© JUNGE FREIHEIT Verlag GmbH & Co.  www.jungefreiheit.de  04/12 20. Januar 2012

Blasphemie im Hamburger Thalia-Theater
Alle Jahre wieder
Moritz Schwarz

Jesus Christus nackt. Hunderte Christen und Konservative in Frankreich, Österreich und Deutschland protestieren zu Recht gegen das Stück „Gólgotha Picnic“, das nun ins Hamburger Thalia-Theater kommt (siehe Seite 14).

Natürlich wird das Häuflein der Aufrechten in den Medien bestenfalls ignoriert werden – wenn nicht verlacht oder gar als „christliche Taliban“ dargestellt, die unterschwellige Assoziation zu latenter Gewaltbereitschaft inklusive. Sicher muß es erlaubt sein, ein kritisches Theaterstück über die Religion zu inszenieren, aber darin die Gefühle der Gläubigen zu verletzen ist es nicht. Hand aufs Herz, wären die Empörten jüdischen oder moslemischen Glaubens, würde der Protest öffentlich ernst- und aufgenommen werden.
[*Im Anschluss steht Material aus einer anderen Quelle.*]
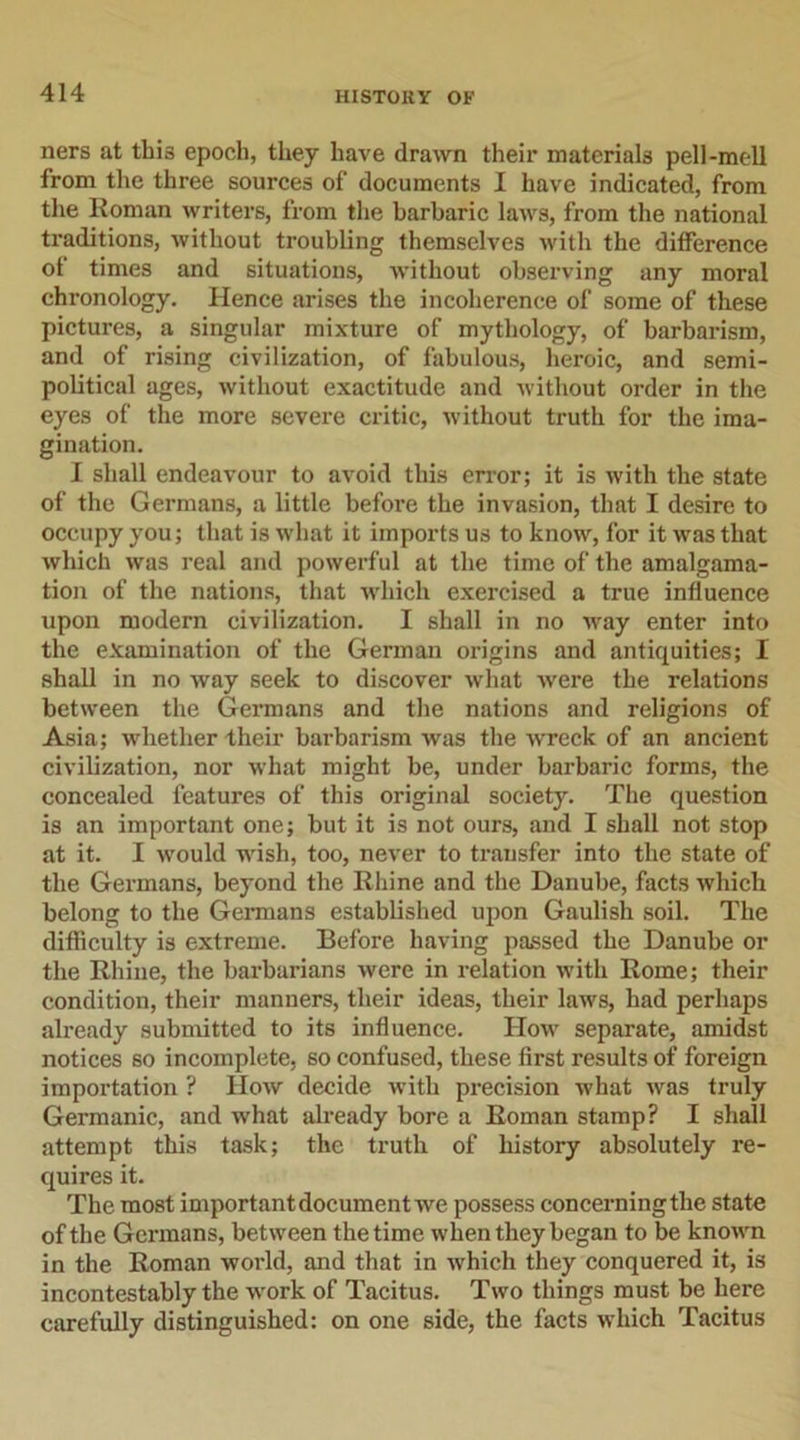 ners at this epoch, they have drawn their materials pell-mell from the three sources of documents I have indicated, from the Roman writers, from the barbaric laws, from the national traditions, without troubling themselves with the difference of times and situations, without observing any moral chronology. Hence arises the incoherence of some of these pictures, a singular mixture of mythology, of barbarism, and of rising civilization, of fabulous, heroic, and semi- political ages, without exactitude and without order in the eyes of the more severe critic, without truth for the ima- gination. I shall endeavour to avoid this error; it is with the state of the Germans, a little before the invasion, that I desire to occupy you; that is what it imports us to know, for it was that which was real and powerful at the time of the amalgama- tion of the nations, that which exercised a true influence upon modern civilization. I shall in no way enter into the examination of the German origins and antiquities; I shall in no way seek to discover what -were the relations between the Germans and the nations and religions of Asia; whether their barbarism was the wreck of an ancient civilization, nor what might be, under barbaric forms, the concealed features of this original society. The question is an important one; but it is not ours, and I shall not stop at it. I would -wish, too, never to transfer into the state of the Germans, beyond the Rhine and the Danube, facts which belong to the Germans established upon Gaulish soil. The difficulty is extreme. Before having passed the Danube or the Rhine, the barbarians were in relation with Rome; their condition, their manners, their ideas, their laws, had perhaps already submitted to its influence. How separate, amidst notices so incomplete, so confused, these first results of foreign importation ? How decide with precision what was truly Germanic, and what already bore a Roman stamp? I shall attempt this task; the truth of history absolutely re- quires it. The most important document we possess concerning the state of the Germans, between the time when they began to be known in the Roman world, and that in which they conquered it, is incontestably the work of Tacitus. Two things must be here carefully distinguished: on one side, the facts which Tacitus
Christen dürfen also mal wieder das Gefühl haben, Bürger zweiter Klasse im eigenen Land zu sein – woran nicht die Bürger anderer Konfession, sondern Medien, Kulturschaffende und eine feige Öffentlichkeit schuld sind.

Daß wichtigtuerische Theaterfritzen mit einem nackten Jesus hilflos um Aufmerksamkeit heischen, ist freilich – eingedenk etwa der Blutorgasmen auf Christuskreuzen eines Hermann Nitsch schon vor dreißig Jahren – nichts Neues. So sind sie eben, alle Jahre wieder. Der eigentliche Skandal dagegen ist das Schweigen der Kirchen, die feige, aus Angst anzuecken, die eigenen Gläubigen im Regen stehen lassen.